Storia della mia sessualità by Tobi Lakmaker

Storia della mia sessualità by Tobi Lakmaker

autore:Tobi Lakmaker [Lakmaker, Tobi]
La lingua: ita
Format: epub
editore: Mondadori
pubblicato: 2023-03-28T12:00:00+00:00


Manic Pixie Dream Girl

Alcuni di voi potrebbero non riuscire più a seguire la sequenza temporale del mio racconto. Siccome a me darebbe un fastidio tremendo, ve la spiego un attimo: nella prima parte siamo andati in ordine cronologico, mentre nella seconda stiamo viaggiando a ritroso. E vi anticipo già che nella terza faremo un lungo salto in avanti, fino a un periodo che corrisponde più o meno al presente. Forse la narrazione avrebbe potuto essere più logica, o più chiara, ma a essere sincera non ho una grandissima opinione né della logica, né della chiarezza.

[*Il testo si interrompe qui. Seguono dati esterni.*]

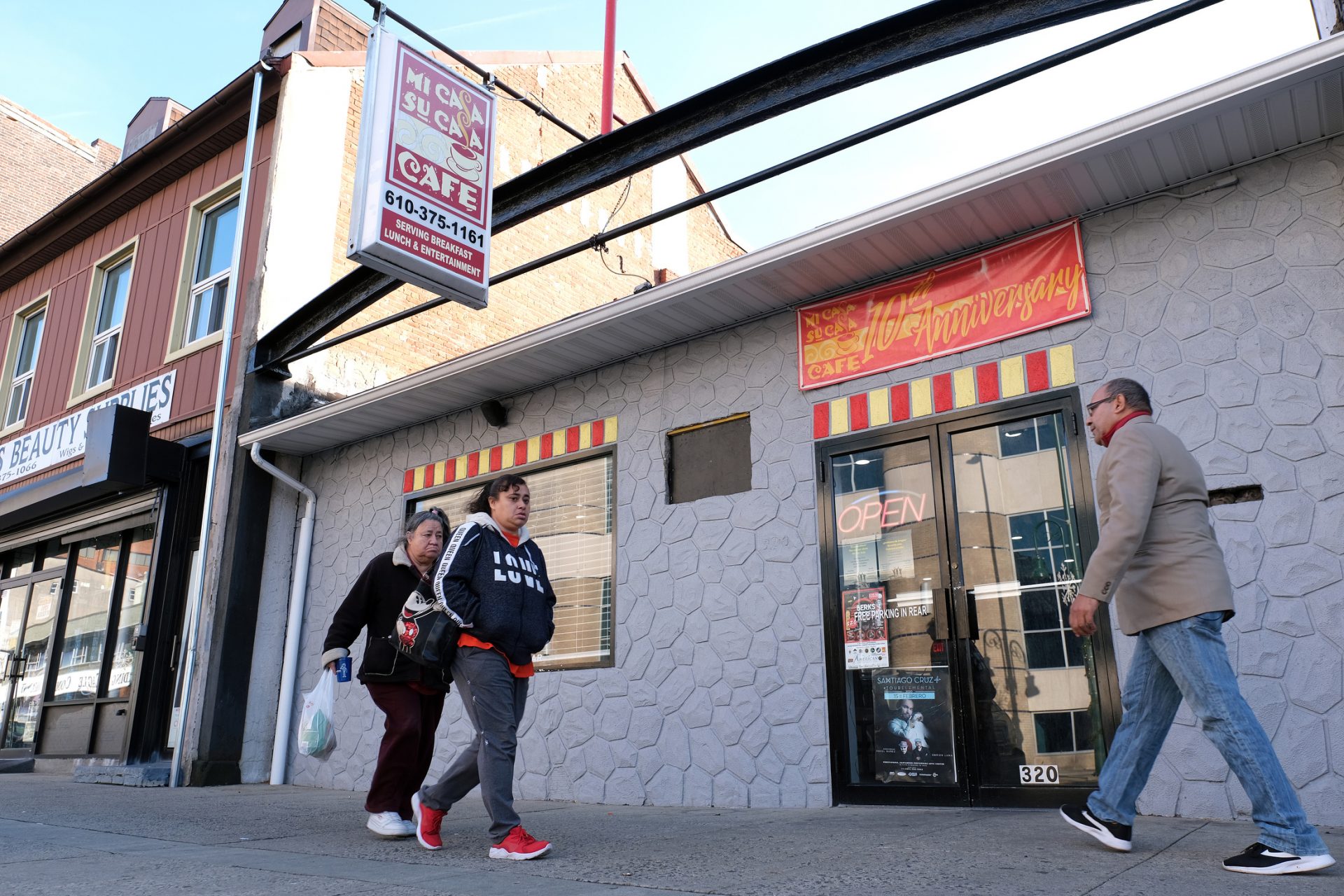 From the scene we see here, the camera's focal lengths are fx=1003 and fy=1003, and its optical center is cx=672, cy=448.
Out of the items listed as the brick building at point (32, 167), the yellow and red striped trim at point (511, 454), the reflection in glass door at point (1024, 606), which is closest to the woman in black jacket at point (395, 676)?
the yellow and red striped trim at point (511, 454)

In questa seconda parte ho cercato di raccontare una storia in qualche modo intellettuale, però ho fallito. Credo si debba sempre essere onesti riguardo ai propri fallimenti e io ho fallito perché continuo a deviare dalla sfera intellettuale a quella sessuale. Da questo punto di vista somiglio a Sigmund Freud molto più del previsto.

Ve ne sarete accorti anche voi: io cerco di parlare di Wittgenstein, ma poi finisco sempre a parlare di Georgina Verbaan. Non posso farci niente. Tra l’altro, sono convintissima che una storia si racconti da sola, con l’autore immusonito a cui non resta che mettersi in disparte. È quello che si impara a Lettere, che è un’altra delle facoltà a cui mi sono iscritta. A Lettere si impara una cosa sola: l’Autore è defunto. In linea di principio hanno ragione, visto che gli scrittori che leggevamo di solito erano tutti morti e sepolti da un pezzo.

Ci ho messo un po’ a capire che loro intendevano la questione in un altro senso. Sapete cosa volevano dire? Che un testo va valutato in sé, fregandosene delle intenzioni dell’autore. Lo trovo tremendamente offensivo. Vengo a cercarvi sotto casa, se provate a fregarvene delle mie intenzioni. Forse il primo autore davvero vivente sono io. Quindi, se mai di questo libro si dovesse discutere in un gruppo di lavoro della facoltà di Lettere, chiamatemi. Prendo la bici e vengo a spiegarvele tutte di persona, le mie intenzioni.

A Lettere vigeva l’obbligo di parlare in inglese, perché lì sono convinti che di defunto non ci sia solo l’Autore, ma anche l’olandese. E come se ciò non bastasse, tutti usavano in continuazione la parola “rather”. Secondo me gli studenti credevano che bastasse quella parola per avere ragione. “Rather untrue”, direi.

Gli studenti di Lettere erano quasi tutti stupidi. Stupidi e indisciplinati, due aggettivi che spesso vanno a braccetto. E Lettere era la facoltà ideale per gente stupida e indisciplinata, visto che ti lasciavano dire quello che volevi. D’altronde, dal momento in cui l’Autore viene dichiarato morto, vale tutto. Qualsiasi cosa uno dica è solo una questione di interpretazione.

A un certo punto, tutto quell’interpretare mi ha fatto uscire di senno. Soprattutto i cenni con il capo. Perché bisognava sempre annuire, dopo che qualcuno aveva fornito la sua interpretazione. Avrei preferito che alla fine di ogni commento fossimo autorizzati a lanciarci il libro in testa. Una volta a calcio avevo un allenatore che, quando sbagliavi un tiro, ti gridava: «Ma va’ a giocare a tennis, va’!».